Brief descriptive captions:

* * * * * * *

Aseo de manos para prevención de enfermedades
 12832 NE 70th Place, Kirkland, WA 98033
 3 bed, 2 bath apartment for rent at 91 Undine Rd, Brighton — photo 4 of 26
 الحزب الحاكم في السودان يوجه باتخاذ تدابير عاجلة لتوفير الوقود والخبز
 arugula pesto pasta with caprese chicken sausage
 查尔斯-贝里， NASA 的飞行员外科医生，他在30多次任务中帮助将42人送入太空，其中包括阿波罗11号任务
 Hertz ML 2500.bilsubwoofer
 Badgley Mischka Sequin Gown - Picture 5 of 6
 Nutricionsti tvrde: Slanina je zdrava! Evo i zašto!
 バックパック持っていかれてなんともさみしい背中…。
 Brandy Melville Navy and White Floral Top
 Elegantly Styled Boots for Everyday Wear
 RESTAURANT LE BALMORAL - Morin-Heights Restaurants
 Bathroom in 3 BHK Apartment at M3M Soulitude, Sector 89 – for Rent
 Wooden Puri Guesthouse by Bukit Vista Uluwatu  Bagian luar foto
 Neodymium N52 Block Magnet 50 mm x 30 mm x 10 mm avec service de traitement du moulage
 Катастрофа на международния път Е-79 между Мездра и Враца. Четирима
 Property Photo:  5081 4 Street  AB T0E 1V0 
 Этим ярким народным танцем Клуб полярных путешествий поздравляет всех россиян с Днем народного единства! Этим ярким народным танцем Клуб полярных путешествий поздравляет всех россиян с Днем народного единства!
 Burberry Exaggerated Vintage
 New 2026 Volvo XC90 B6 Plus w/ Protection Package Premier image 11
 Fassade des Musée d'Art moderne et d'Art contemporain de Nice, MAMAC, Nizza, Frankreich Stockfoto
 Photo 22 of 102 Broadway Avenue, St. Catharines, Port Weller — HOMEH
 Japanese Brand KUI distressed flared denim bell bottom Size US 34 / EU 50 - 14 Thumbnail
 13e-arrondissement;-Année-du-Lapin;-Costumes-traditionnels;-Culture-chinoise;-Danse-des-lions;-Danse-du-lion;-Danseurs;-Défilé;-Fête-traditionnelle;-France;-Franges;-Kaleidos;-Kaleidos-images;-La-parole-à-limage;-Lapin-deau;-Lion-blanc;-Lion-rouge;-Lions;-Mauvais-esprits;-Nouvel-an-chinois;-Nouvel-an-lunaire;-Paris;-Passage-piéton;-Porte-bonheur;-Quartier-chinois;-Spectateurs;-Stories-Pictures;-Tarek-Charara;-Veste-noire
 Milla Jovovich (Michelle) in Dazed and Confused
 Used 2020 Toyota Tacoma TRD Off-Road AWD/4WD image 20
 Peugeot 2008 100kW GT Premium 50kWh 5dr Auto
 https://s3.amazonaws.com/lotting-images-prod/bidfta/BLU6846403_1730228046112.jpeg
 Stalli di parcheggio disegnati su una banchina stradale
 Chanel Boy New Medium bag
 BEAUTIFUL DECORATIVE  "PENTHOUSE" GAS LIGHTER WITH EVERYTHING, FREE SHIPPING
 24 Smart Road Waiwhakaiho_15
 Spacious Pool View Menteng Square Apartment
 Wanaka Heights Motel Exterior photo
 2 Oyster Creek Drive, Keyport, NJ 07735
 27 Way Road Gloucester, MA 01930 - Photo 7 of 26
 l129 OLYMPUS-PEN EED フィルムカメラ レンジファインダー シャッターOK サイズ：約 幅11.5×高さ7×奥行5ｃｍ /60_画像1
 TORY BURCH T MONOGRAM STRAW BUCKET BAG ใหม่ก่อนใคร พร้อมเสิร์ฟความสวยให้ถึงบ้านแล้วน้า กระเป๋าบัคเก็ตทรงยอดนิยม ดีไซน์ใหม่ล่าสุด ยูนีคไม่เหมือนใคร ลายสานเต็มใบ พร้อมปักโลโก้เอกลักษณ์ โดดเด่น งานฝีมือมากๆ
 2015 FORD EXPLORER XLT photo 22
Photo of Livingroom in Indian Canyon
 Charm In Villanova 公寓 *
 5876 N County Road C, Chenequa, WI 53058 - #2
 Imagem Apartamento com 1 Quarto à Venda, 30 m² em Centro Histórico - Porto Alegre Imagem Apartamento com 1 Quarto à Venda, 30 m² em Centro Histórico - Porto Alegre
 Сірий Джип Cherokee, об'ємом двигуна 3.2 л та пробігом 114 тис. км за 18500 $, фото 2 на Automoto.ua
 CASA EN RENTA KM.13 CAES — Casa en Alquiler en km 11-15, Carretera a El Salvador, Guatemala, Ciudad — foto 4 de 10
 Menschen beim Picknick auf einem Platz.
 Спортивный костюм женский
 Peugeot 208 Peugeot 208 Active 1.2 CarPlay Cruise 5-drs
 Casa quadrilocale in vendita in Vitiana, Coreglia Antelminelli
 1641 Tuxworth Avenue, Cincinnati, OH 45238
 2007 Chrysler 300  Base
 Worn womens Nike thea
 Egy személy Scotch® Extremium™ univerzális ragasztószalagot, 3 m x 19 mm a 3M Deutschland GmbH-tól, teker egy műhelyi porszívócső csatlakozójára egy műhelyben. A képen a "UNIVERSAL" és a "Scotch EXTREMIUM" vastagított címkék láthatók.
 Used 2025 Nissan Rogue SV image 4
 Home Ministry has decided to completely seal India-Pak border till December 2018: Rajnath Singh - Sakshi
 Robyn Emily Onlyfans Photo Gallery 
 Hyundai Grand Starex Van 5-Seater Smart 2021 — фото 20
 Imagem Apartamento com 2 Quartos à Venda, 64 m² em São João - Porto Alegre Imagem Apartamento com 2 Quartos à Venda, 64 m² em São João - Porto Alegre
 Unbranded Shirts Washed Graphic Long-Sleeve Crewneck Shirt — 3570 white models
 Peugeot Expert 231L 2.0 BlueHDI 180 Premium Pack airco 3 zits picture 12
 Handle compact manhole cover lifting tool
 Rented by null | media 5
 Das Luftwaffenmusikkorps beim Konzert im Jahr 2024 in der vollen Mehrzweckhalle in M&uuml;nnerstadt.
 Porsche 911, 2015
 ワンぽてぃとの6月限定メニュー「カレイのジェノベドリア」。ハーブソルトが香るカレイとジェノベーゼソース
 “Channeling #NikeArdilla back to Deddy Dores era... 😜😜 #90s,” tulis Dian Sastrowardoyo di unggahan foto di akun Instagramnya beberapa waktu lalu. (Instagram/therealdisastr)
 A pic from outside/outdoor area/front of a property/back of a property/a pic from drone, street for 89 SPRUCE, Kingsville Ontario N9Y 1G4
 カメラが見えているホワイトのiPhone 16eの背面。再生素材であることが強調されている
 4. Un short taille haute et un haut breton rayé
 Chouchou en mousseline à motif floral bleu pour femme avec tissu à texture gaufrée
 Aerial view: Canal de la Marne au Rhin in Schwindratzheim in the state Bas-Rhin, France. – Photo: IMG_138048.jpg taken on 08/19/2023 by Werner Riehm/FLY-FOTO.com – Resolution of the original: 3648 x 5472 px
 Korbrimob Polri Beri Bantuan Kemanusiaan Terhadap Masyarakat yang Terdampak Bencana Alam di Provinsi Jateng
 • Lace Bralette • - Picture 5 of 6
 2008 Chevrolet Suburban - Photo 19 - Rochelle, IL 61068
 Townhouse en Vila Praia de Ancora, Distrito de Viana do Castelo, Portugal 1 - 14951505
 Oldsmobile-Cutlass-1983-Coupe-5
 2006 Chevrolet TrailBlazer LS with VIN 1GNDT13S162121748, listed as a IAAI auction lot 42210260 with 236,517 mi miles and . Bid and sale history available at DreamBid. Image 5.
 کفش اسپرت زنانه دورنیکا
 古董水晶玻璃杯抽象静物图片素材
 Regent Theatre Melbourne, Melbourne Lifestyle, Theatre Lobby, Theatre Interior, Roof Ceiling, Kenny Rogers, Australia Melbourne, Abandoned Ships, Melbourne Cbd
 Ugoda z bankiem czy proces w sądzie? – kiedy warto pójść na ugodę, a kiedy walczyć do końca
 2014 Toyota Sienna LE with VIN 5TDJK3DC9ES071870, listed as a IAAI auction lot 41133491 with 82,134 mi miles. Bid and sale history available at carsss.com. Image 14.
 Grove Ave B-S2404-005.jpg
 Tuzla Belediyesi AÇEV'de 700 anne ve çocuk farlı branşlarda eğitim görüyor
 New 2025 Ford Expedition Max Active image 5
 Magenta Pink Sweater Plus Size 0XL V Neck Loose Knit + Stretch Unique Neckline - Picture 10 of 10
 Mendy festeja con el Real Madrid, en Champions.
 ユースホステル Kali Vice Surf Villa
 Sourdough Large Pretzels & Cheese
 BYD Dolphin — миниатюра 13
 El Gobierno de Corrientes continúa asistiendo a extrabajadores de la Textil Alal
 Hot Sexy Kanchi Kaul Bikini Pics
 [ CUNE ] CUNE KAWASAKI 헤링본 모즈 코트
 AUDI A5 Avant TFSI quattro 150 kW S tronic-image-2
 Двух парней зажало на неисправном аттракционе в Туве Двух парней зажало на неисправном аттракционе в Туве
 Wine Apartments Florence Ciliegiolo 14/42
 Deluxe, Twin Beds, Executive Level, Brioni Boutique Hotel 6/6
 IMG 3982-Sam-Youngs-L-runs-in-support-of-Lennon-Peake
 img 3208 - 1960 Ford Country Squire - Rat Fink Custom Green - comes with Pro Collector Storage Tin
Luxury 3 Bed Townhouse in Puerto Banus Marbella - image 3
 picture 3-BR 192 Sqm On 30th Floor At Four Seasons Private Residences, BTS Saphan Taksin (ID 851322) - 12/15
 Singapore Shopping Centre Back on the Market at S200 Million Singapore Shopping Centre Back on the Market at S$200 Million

* * * * * * *

WHAT IS BEING ASKED: Only one stretch of the records above is wanted: the lines between the one holding "New 2026 Volvo" and the one holding "Japanese Brand KUI", inclusive, reproduced exactly.

SOLUTION FOR THIS EXERCISE:
 New 2026 Volvo XC90 B6 Plus w/ Protection Package Premier image 11
 Fassade des Musée d'Art moderne et d'Art contemporain de Nice, MAMAC, Nizza, Frankreich Stockfoto
 Photo 22 of 102 Broadway Avenue, St. Catharines, Port Weller — HOMEH
 Japanese Brand KUI distressed flared denim bell bottom Size US 34 / EU 50 - 14 Thumbnail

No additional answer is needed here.